Large scale port infrastructure projects are time-consuming and expensive, but taking the right steps up front can reduce costs, shorten timetables and increase stakeholders’ satisfaction.

By Mary Lou Jay

Large scale port infrastructure projects are time-consuming and expensive, but taking the right steps up front can reduce costs, shorten timetables and increase stakeholders’ satisfaction.

Define the Business Case

“Any organization undertaking a capital project needs to have a strong business case that includes a rigorous mapping of all the needs, objectives and anticipated outcomes related to the implementation of such capital project,” said Sophie Roux, vice president, public affairs for the Montréal Port Authority. The organization needs to clearly define why the project is needed and what it will accomplish once it is implemented.

Roux said that the Montréal Port Authority’s two-year modernization of its century-old Alexandra Pier cruise terminal will enable the port to offer services better suited to client needs, improve operational capacity and provide a new marine signature for Montréal.

One problem is that the ROI on infrastructure investments can extend out for 50 years. “In a world that expects immediate payback that’s a tough discussion,” said Vanta Coda, executive director, Duluth Seaway Port Authority. Ports need to persuade stakeholders early on to focus on long-term benefits.

Explore Financing Options

Persistence can pay off when financing infrastructure projects. The Port of Duluth-Superior applied five times before the U.S. Department of Transportation finally approved its request for a $10 million Transportation Infrastructure Generating Economic Recovery (TIGER) discretionary grant. The funding helped pay for the $17.7 million rebuild and expansion of Docks C & D, which enhanced the port’s intermodal capabilities, expanded its capacity to handle more heavy-lift and project cargo and increased freight capacity.
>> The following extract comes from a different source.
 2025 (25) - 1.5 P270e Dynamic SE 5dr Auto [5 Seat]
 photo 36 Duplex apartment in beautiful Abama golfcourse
“Ports need to pay more attention to looking at innovative ways to finance these projects,” said David Anderton, assistant director of Port Everglades, strategic planning and development. Port Everglades is working with the Federal Department of Transportation to secure a TIFIA (Transportation Infrastructure Financing and Innovation Act) loan for its Southport Turning Notch Extension (STNE). The $437.5 million project will lengthen the existing deepwater turnaround area for cargo ships to create more berth space and add new rail structure to support super Post-Panamax gantry cranes and extend the range for its current cranes.